User Authentication is a Pain for Everyone
But before we get ahead of ourselves, back to the original question: why are are we stuck with this “security” tunnel vision? The only answer I can come up with is that, traditionally, it was hard to perform reliable user authentication. Either it was hard for the user, or it was hard to create the technology, or both. Passwords are a pain to remember and to enter (especially in this day and age with mobile devices). Short PINs are a sort of compromise, but not a great one since they’re still a pain to enter and remember, and are not usually very secure. Tokens are annoying to carry around and not lose. Biometrics like fingerprints have traditionally been hard to make reliable while being quick and easy for the user. I could go on…

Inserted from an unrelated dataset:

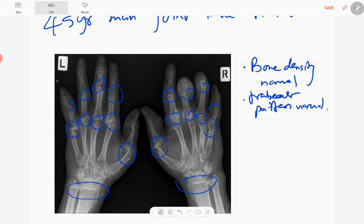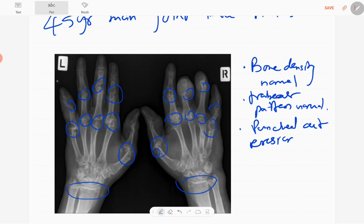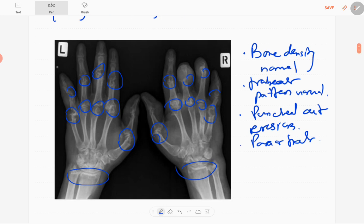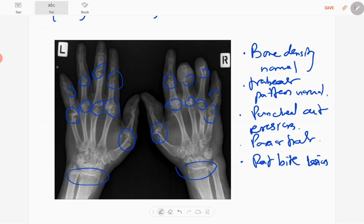Here you can see punch-out type erosions. These punch-out type erosions are juxta-articular or para-articular — sometimes called rat-bite lesions. However, there is no periarticular osteopenia.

The point is, it’s a pain for everyone, and so you’d only require user authentication if you really had to. And you generally only really have to if it was an issue of security.
But What If it Was Easy?
So, what if it was easy for a system or device to recognize the user? Or, more specifically, what if it was easy for the user? This is what Bionym’s HeartID is all about: user authentication with a simple touch. If it’s easy, then why limit it to be for security purposes only? This leads me to the question I’d like to throw out there to all app and video game developers, hardware manufacturers, and systems designers:
What function or feature would you implement if you always knew who was using your system without requiring the user to do anything?
Think: automatic personalization. What does that mean for the user experience? What does that mean for the next generation of applications and services?
The Face Recognition Example
I don’t know where all of this is heading, but it’s going to be interesting! We do have an early parallel example to look at: face recognition. Now, face recognition is usually used for identification rather than authentication (Bionym’s FaceID is an exception), but, regardless, it was traditionally a security technology (border screening, etc.). Now we see it being used for face tagging in photos, video searching, etc. It’s still early, but we see developers getting creative and seeing the technology in a much broader scope.
So, let’s think outside the box. What would you do if user authentication was easy?